I couldn’t help but wonder how Japanese finance minister Takahashi Korekiyo led Japan to a period of strong economic expansion while other nations were mired in the Great Depression as detailed in this Ambrose Evans-Pritchard commentary last week.
Be that as it may, if QE as conducted is causing asset bubbles, then we should deploy central bank stimulus more creatively, should it prove necessary. We know how to do it. The methods were pioneered by Takahashi Korekiyo, who pulled Japan out of the Great Depression early in the 1930s. His brilliant feat is now the model for what Japan is (covertly) doing again under Abenomics.
Takahashi turned the Bank of Japan into an arm of the treasury – “fiscal dominance” – and ordered it to finance the budget deficit. You can deploy QE in any way you want. It could be used to build houses, injecting the money into the veins of the economy, instead of the veins of hedge funds. There is no reason why it cannot be administered by an independent Fed or Bank of England, choosing the calibration level as they see fit.

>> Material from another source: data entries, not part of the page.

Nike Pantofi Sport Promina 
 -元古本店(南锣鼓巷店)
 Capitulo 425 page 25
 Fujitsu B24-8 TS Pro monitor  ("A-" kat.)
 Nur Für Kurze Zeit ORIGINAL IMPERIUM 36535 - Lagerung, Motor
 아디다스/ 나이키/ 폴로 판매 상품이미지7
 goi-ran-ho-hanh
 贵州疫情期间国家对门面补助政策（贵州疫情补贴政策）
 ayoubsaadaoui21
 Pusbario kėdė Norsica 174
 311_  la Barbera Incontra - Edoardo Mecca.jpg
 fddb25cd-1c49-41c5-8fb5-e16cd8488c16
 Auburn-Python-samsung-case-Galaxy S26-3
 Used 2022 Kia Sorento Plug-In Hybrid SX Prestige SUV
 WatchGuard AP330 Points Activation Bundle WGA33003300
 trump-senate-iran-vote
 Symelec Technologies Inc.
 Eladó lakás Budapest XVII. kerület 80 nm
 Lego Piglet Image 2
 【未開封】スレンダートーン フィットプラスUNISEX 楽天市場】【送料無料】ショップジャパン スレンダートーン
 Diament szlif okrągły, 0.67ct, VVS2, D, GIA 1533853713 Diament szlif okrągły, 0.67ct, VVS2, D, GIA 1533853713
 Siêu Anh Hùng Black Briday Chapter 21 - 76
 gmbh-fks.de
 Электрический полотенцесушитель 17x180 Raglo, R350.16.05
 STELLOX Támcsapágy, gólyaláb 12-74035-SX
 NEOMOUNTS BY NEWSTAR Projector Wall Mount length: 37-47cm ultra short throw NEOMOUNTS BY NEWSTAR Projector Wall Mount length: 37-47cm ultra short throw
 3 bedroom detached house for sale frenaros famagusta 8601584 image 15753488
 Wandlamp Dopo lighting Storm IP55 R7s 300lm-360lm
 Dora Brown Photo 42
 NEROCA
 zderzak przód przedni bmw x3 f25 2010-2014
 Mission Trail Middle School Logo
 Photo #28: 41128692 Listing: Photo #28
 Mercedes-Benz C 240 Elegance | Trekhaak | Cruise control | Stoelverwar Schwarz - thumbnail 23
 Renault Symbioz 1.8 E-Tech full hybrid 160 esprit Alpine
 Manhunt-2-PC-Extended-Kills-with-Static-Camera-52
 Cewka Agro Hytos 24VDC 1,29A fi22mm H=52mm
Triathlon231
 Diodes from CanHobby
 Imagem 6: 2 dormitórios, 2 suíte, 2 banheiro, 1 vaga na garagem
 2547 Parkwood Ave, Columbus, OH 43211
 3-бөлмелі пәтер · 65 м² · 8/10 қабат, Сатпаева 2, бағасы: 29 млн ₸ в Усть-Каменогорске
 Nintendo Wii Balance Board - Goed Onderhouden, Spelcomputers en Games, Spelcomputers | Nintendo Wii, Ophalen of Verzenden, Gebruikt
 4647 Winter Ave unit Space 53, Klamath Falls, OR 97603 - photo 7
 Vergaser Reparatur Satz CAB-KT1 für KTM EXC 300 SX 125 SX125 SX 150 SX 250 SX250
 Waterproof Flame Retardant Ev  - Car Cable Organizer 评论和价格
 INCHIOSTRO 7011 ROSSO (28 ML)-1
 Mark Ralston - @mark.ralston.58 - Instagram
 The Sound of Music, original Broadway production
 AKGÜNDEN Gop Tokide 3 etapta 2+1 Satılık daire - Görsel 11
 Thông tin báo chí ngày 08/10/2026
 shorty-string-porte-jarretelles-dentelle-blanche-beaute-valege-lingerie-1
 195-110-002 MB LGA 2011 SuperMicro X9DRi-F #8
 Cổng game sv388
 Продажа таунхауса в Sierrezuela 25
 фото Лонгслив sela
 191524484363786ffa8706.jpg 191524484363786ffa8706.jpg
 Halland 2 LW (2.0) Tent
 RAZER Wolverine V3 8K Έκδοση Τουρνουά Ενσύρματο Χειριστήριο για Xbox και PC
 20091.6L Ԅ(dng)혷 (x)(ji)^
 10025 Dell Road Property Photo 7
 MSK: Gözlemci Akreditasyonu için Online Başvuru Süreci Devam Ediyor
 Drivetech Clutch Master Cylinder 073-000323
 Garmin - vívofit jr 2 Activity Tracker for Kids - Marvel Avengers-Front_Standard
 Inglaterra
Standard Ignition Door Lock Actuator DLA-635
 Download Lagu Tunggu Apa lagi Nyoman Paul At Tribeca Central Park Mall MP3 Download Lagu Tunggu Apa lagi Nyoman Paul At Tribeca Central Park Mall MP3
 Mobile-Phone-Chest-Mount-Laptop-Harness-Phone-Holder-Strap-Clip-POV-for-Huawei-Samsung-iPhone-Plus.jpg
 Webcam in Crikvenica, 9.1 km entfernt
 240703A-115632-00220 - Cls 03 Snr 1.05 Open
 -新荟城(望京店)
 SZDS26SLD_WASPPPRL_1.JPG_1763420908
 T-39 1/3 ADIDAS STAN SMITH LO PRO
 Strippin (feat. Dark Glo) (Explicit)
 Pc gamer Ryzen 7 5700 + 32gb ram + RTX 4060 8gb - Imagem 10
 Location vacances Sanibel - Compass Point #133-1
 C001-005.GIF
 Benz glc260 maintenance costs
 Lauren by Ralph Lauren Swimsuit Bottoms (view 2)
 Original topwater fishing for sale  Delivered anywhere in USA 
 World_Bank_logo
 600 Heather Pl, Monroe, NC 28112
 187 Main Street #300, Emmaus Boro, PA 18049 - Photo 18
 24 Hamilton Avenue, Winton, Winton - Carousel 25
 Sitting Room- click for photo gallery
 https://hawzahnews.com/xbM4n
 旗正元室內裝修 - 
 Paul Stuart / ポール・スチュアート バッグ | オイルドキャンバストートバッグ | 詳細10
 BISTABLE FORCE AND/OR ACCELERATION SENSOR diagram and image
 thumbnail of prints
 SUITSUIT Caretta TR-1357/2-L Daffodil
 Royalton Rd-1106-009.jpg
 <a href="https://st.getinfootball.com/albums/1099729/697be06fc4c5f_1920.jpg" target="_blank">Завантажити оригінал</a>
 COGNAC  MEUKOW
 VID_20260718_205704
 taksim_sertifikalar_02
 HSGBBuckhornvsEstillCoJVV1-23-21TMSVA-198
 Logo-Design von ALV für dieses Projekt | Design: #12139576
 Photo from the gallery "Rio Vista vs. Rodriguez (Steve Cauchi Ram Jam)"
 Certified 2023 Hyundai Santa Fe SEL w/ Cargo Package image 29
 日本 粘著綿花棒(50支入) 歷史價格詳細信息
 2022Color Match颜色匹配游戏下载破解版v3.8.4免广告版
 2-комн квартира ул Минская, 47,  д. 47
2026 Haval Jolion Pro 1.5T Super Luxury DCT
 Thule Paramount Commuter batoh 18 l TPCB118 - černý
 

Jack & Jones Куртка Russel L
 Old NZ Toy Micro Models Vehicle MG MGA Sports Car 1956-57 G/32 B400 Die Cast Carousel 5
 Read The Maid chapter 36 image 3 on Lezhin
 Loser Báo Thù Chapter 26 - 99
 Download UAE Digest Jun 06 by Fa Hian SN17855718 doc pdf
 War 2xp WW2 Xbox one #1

As it turns out, one rather large “vein” of the Japanese economy in the 1930s was military spending and this sector was the recipient of much of the budget deficit largess as detailed in Paul Kennedy’s excellent The Rise and Fall of Great Powers.
Despite – and in some ways because of – these economic difficulties, the finance ministry under Takahashi was willing to borrow recklessly in the early 1930s in order to allocate more to the armed services, whose shares of government spending rose from 31 percent in 1931-1932 to 47 percent in 1936-1937; when he finally took alarm at the economic consequences and sought to modify further increases, he was promptly assassinated by the militarists, and armaments expenditures spiraled upward. By the following year, the armed services were taking 70 percent of government expenditures and Japan was thus spending, in absolute terms, more than any of the far wealthier democracies.